#### What this task involves
Nothing but the lines below from the one with "2026-Latin America Overseer Mtg" through the one with "Apartamento Skyday Penthouse" should be output, each exactly as given, and no pictures.

#### Source material
- - -

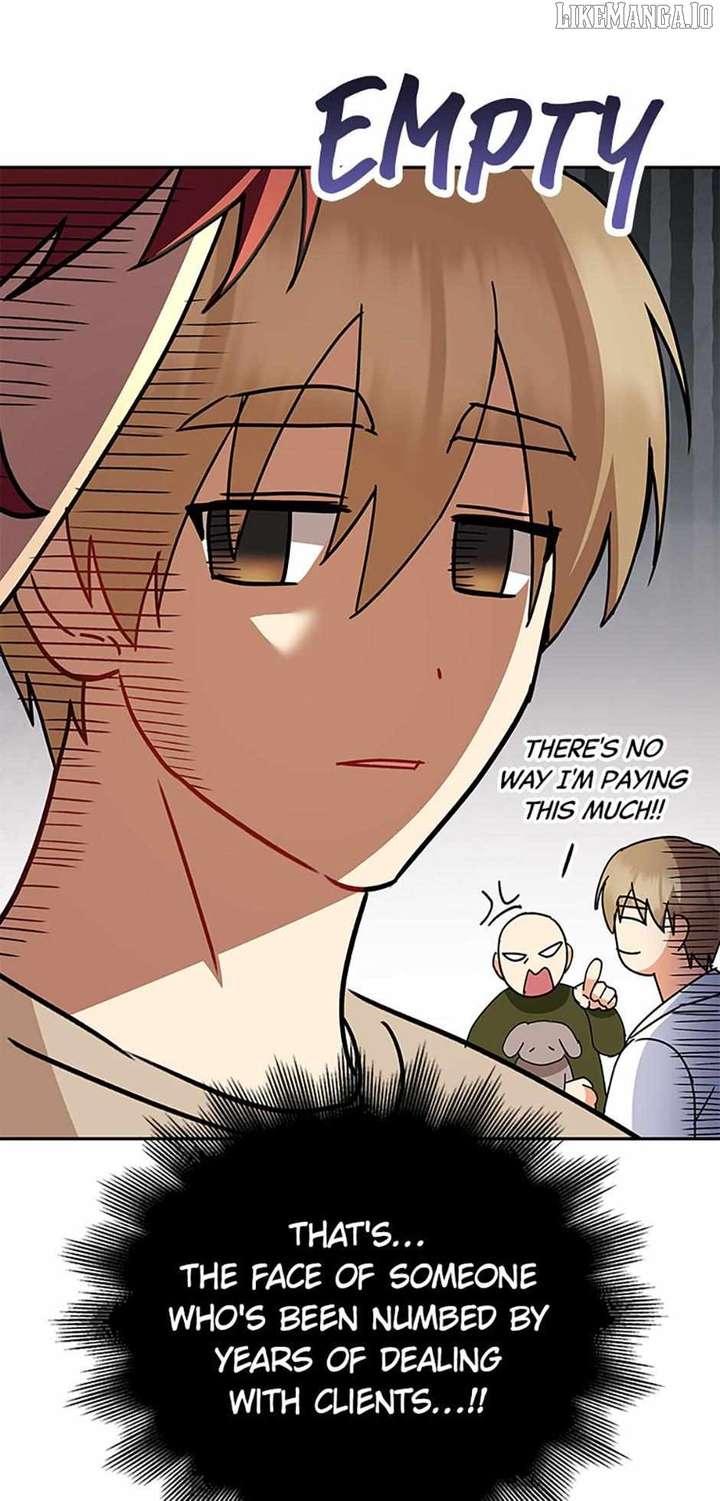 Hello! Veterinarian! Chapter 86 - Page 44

- - -

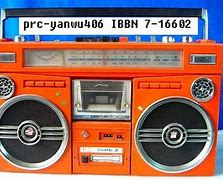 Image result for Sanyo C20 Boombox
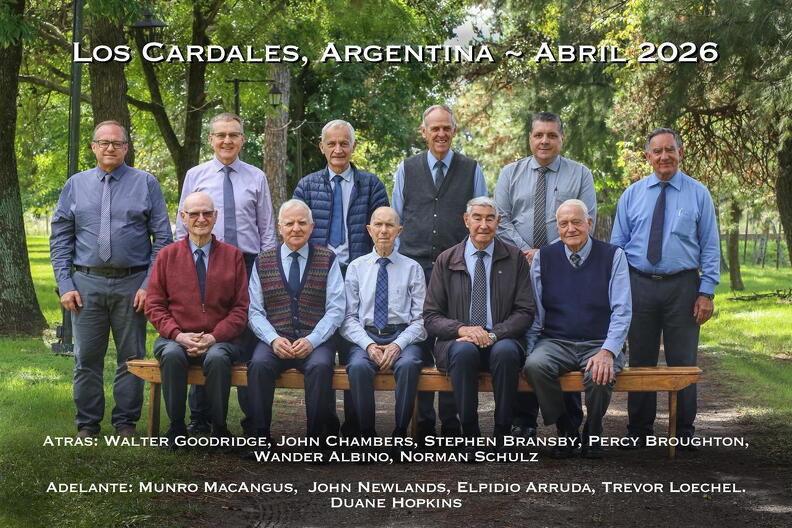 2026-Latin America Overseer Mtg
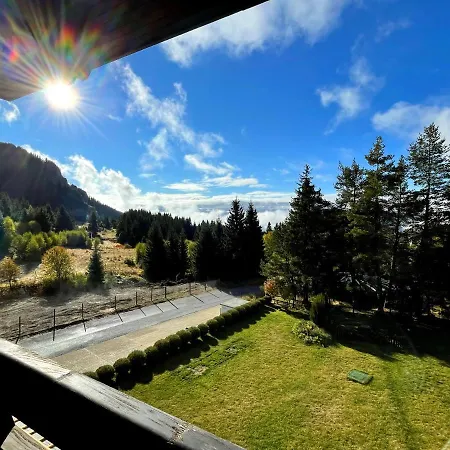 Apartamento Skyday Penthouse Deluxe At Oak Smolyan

- - -

#### Solution for this problem
 2026-Latin America Overseer Mtg
 Apartamento Skyday Penthouse Deluxe At Oak Smolyan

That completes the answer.